For the sea bass: 2x sea bass 300g-400g, scaled, fillet and pin boned. Skin scored.
Heat a large frying pan with a little oil inside until it is smoking, place fish in skin-side down. Cook until golden brown, for 3 or 4 minutes, then turn and cook for about 30 seconds. Serve immediately.
For the fennel, kohlrabi, mint salad: 1 fennel, ½ kohlrabi, 5 leaves of mint, extra virgin olive oil, lemon juice.
Peel off the outer leaves of the fennel, but reserve for the puree. Peel the kohlrabi. Shred the fennel and kohlrabi on a mandolin into batons. Lightly coat in olive oil. Just before you serve, season with salt and a little lemon juice, and add finely julienned mint.
For the fennel puree: 400g finely chopped fennel, 100g olive oil, 100ml orange juice, salt and pepper.
In a saucepan, heat the oil until smoking. Add the fennel, and roast until golden brown. Add a splash of water every few minutes, and scrape bottom of the pan, until the fennel is tender. Drain off excess oil, and return to the pan.

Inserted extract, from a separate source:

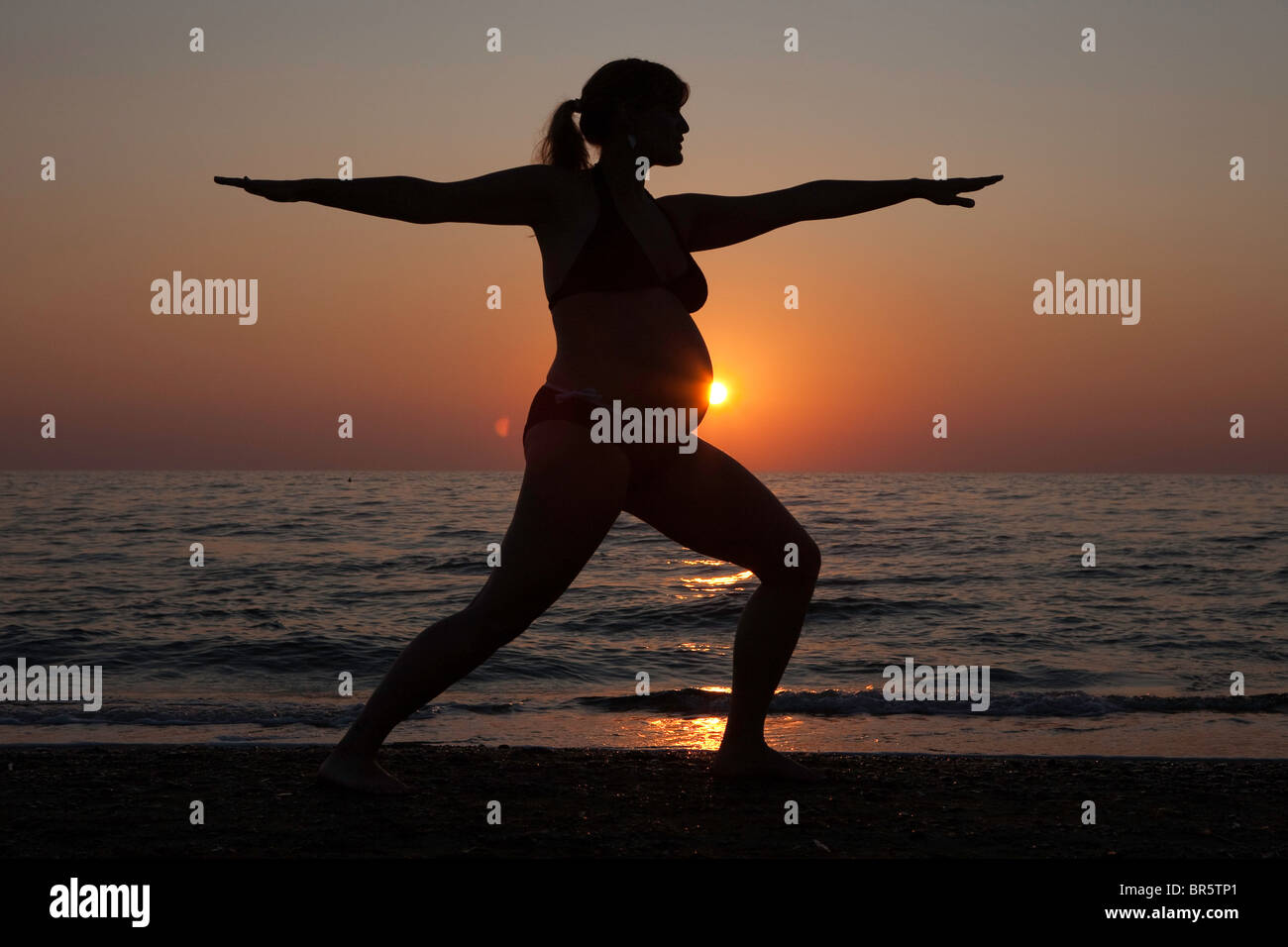 Eine schwangere Frau praktiziert Yoga am Strand in der Toskana, Silhoutted von der untergehenden Sonne. Stockfoto
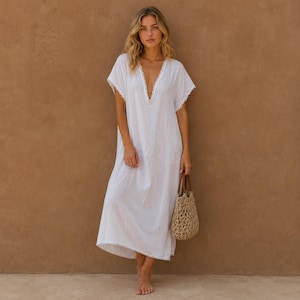 May include: A white, V-neck dress with lace trim. The dress is ankle-length and has short sleeves. A small, woven bag with brown leather handles is held in the hand.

Then deglaze the pan with orange juice, and reduce until the juice has evaporated. Blend until smooth, and pass through a fine chinois.
For the reduced orange juice: 400g orange juice, tsp sugar
Reduce the orange juice and sugar in a small saucepan until thick and syrupy. Place in a bottle, and add equal quantity of extra virgin olive oil. Shake before use. For the kale: 25g picked kale – julienned roughly, oil for frying Deep fry kale at 160 deg cel, until moisture has evaporated. Be careful, as it does spit, place lid lightly on top until stops spitting.